Lower-tier OmniBook models are also receiving updated designs, though they will roll out more gradually. The OmniBook X and OmniBook 7 are expected in the spring, while the OmniBook 5 and OmniBook 3 are slated for February, starting at $850 and $500 respectively. Snapdragon X2 processors will be offered across the entire OmniBook family, and notably, HP says 2K OLED displays will be available even on the entry-level OmniBook 3. That decision reflects how OLED panels, once reserved for premium systems, are steadily moving down the price ladder.
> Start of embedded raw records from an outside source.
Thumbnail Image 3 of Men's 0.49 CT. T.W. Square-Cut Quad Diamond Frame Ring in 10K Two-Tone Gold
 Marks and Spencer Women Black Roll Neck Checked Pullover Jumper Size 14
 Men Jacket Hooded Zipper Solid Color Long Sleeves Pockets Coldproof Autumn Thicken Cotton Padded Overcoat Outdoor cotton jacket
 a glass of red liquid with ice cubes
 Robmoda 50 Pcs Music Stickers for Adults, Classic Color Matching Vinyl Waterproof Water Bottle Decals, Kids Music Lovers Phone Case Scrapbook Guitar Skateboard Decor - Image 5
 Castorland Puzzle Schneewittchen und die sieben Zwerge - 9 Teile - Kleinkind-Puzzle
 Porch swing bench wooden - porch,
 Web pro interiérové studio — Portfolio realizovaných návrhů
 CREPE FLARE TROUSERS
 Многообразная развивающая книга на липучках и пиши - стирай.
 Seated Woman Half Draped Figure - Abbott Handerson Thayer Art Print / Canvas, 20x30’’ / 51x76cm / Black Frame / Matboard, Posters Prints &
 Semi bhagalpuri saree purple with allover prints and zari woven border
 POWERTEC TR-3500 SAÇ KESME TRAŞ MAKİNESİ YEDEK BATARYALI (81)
Beyond laptops, HP also refreshed its OmniStudio all-in-one desktop. The OmniStudio X 27 now uses a Neo:LED display, combining an IPS panel with a mini-LED backlight to improve contrast and brightness control compared to standard LED-backlit screens. The 27-inch panel offers a 1440p resolution, a 120Hz refresh rate, and wide color gamut coverage aimed at creative and media-focused users. HP has also added Thunderbolt Share for simpler file transfers between a laptop and the desktop, along with a tilting webcam designed to show documents or objects on the desk.
Taken together, HP’s CES 2026 announcements suggest a more deliberate effort to align design, display technology, and platform choices across its consumer lineup. While none of the individual changes are radical on their own, the combination marks a clearer break from the recycled designs that defined the first year of the OmniBook name.